Her ministry is a tireless commitment to support and raise up women who find themselves in a difficult situation. Statistically, children in such situations are at risk. The bad stuff is more likely and the good stuff is less likely. Some single moms are victims. Others have made bad choices. Most of them are a mix. Raising kids is hard, demanding and often thankless. Doing it alone and trying to work and provide for your kids is extremely hard. Stress drains precious emotional energy. Overwhelmed by the challenges, some of the women might be tempted to despair. I am proud of what my sister does. She does it with love and care. She does it in Jesus, with Jesus and for Jesus. She does it because she knows how much Jesus loves the single moms and their kids. She does it to be a sign of that love and care.
My sister also holds to a traditional sexual morality. Some condemn that sort of thing as oppressive and judgmental. I disagree. God’s plan, God’s instruction (torah) is based on what is best for us.
In my mind, people like my sister are the rest of the story. She isn’t walking up to strangers and asking them to believe. She is taking their hands and walking with them, sometimes at personal expense and sacrifice. She does it in love. She does it to make the lives of these women and their children better.

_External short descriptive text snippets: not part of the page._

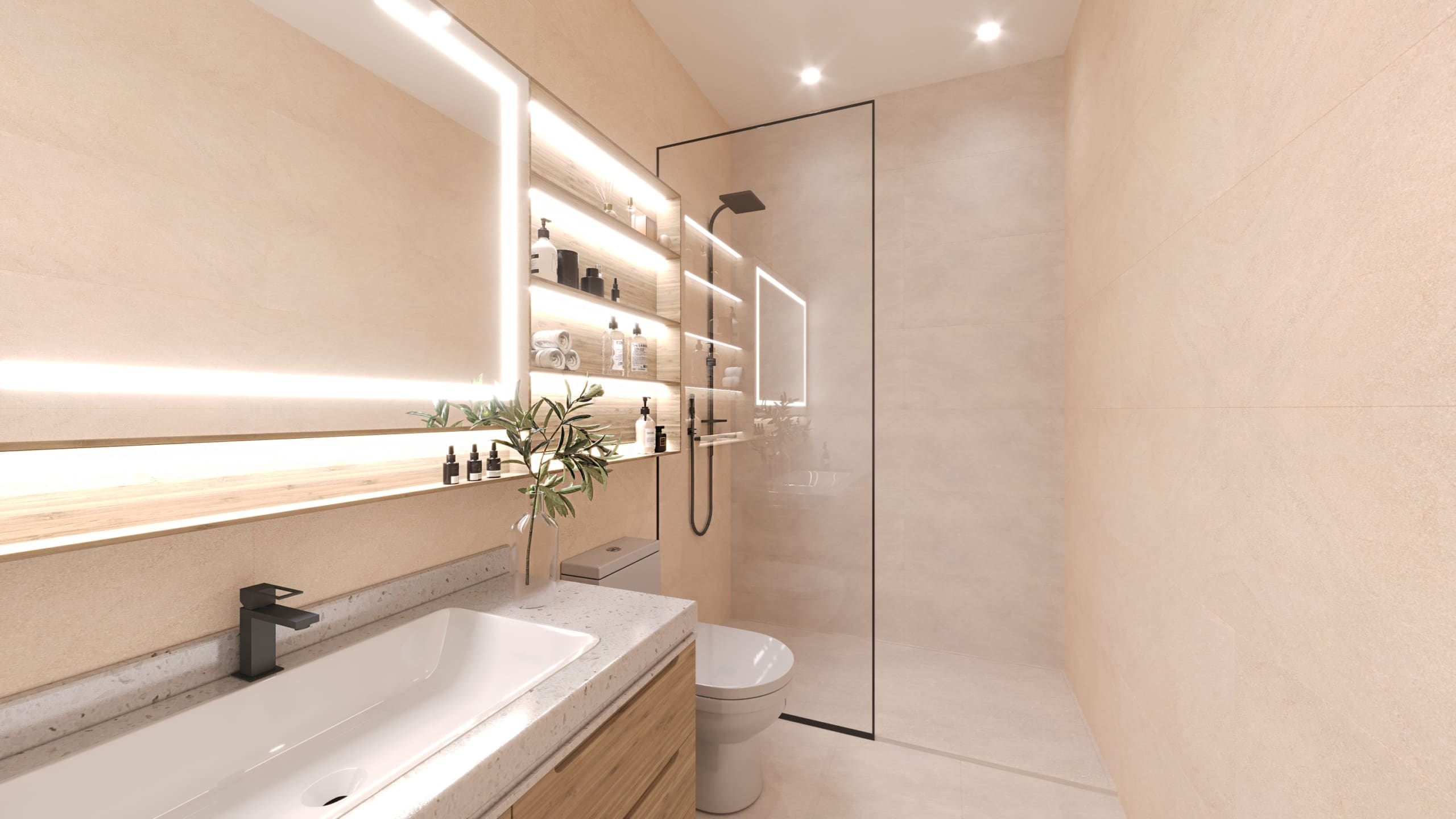 3 Bed, 3 Bath, HouseFor Sale, Marratxí, Baleares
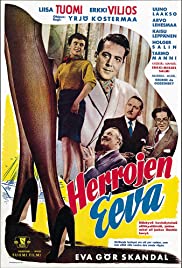Herrojen Eeva (1954) cover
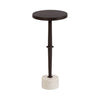 Lazaro Pedestal Drink Table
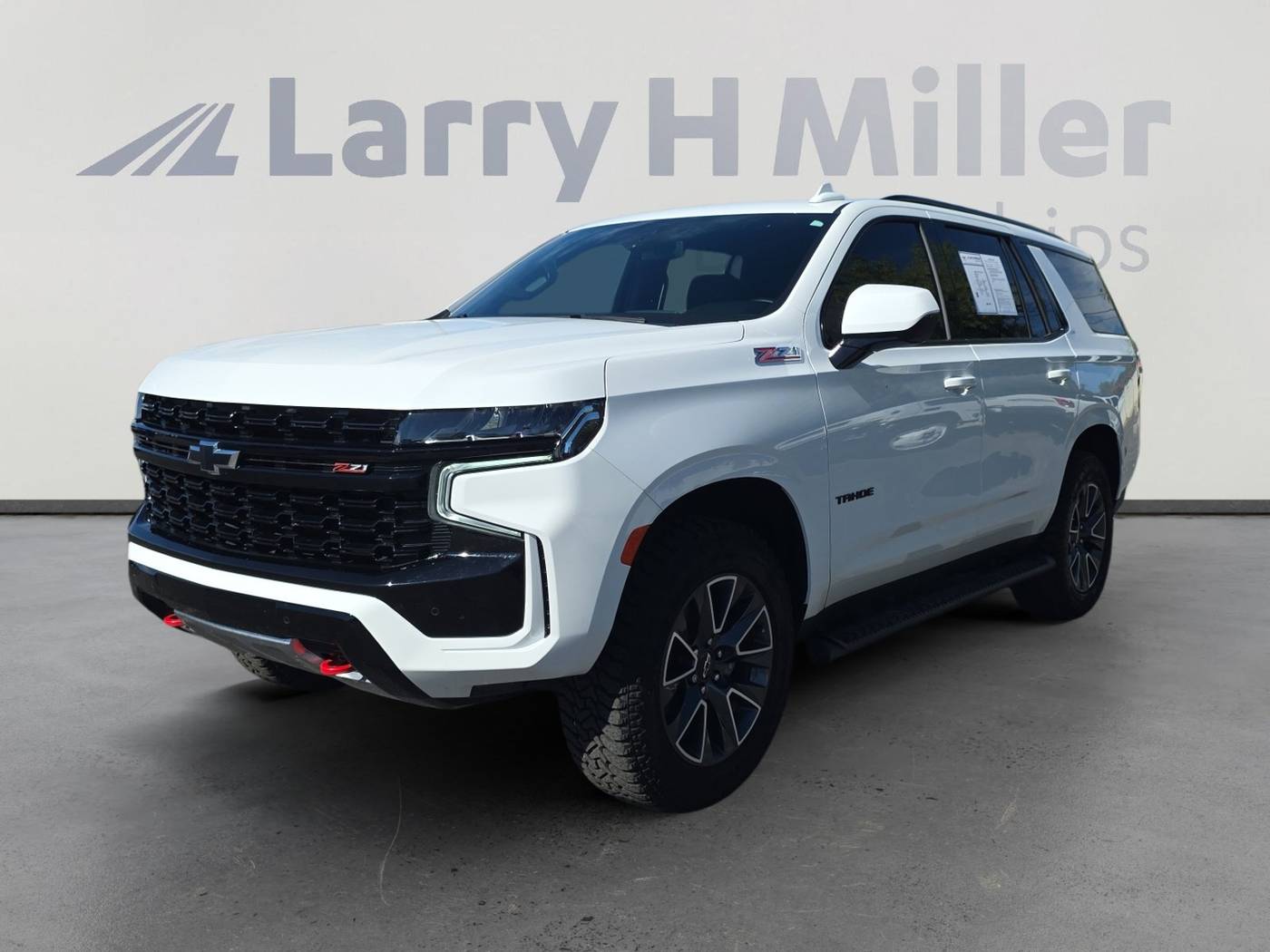 2024 Chevrolet Tahoe Z71 — SUV — 41,019 mi — Albuquerque, NM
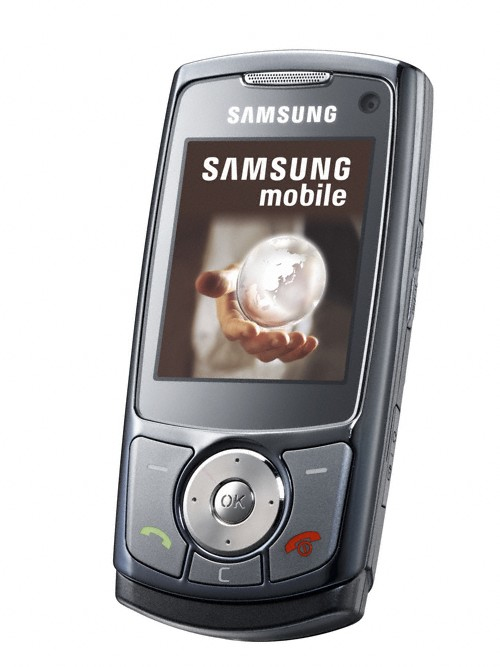 Samsung L760 Chrome Silver – image 4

Yesterday we read The Epistle to Diognetus in our “Bible” Study. It was written around 100-150. My sister’s church would never read that kind of writing, we are different in that way. But what we read would make sense to her. The writer commends Diognetus for his interest in Christianity. He tells him that “you would like to know what God Christians believe in and what sort of cult they practice which enables them to set so little store by this world, and even to make light of death itself…about the warm fraternal affection they feel for one another.” Calling Christians a “new breed of men”, or at least people living “a novel manner of life” the author contrasts the Christian emphasis on taking care of the needy and other virtues not widely held in ancient culture. After the class at Mass we read from 1 John (a book more popular in my sister’s church!). God is love. No one has seen God. If we love one another we love God. Someone said, “Is that the wink from God you always talk about when what we study shows up in our liturgical prayer readings?”
Yep!
The church is flawed, what else would flawed human beings be doing (even if a new breed in a novel way of life)? But ordinary Christians, regular folks like my sister, are each day reaching out to help others. Not exciting perhaps, certainly not the sort of thing that secularists would have you believe about the church, but just another day loving God and loving one another. Until Jesus comes back and all is made new, it is what the church does, imperfectly. And that is the rest of the story!